--- What the exercise asks ---
Pictures in the records below must be left out. Return exactly the lines from the line with "Electric Air Blower" to the line with "Phào thắt lưng vân đá", both included.

--- Dataset extract ---
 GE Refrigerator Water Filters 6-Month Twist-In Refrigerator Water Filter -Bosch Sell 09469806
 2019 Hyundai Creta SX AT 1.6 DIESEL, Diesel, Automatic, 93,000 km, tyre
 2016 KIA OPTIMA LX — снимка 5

==

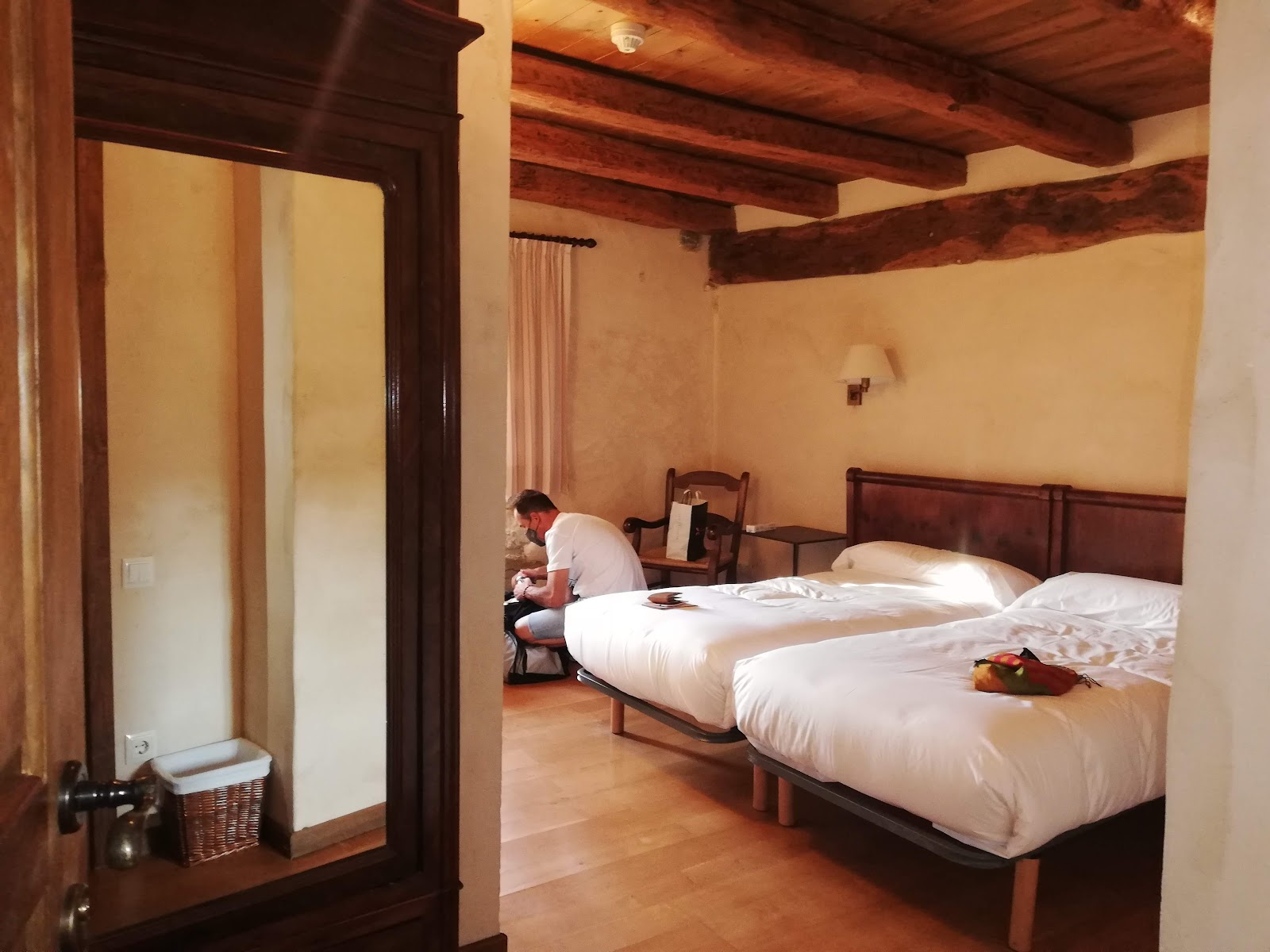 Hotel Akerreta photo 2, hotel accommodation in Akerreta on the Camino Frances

--

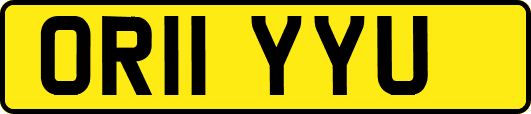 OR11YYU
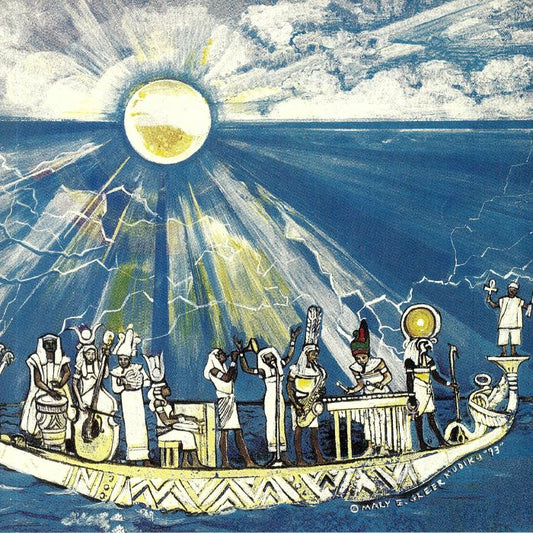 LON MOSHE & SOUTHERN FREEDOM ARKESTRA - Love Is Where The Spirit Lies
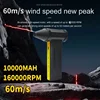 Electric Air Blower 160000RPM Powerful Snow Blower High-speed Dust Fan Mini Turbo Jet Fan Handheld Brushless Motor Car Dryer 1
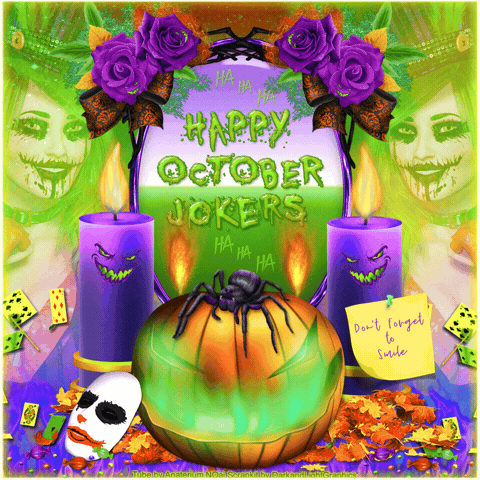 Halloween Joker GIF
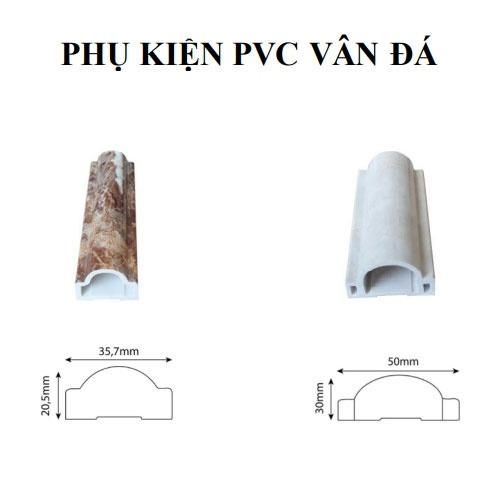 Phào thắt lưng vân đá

--- Answer box ---
 Electric Air Blower 160000RPM Powerful Snow Blower High-speed Dust Fan Mini Turbo Jet Fan Handheld Brushless Motor Car Dryer 1
 Halloween Joker GIF
 Phào thắt lưng vân đá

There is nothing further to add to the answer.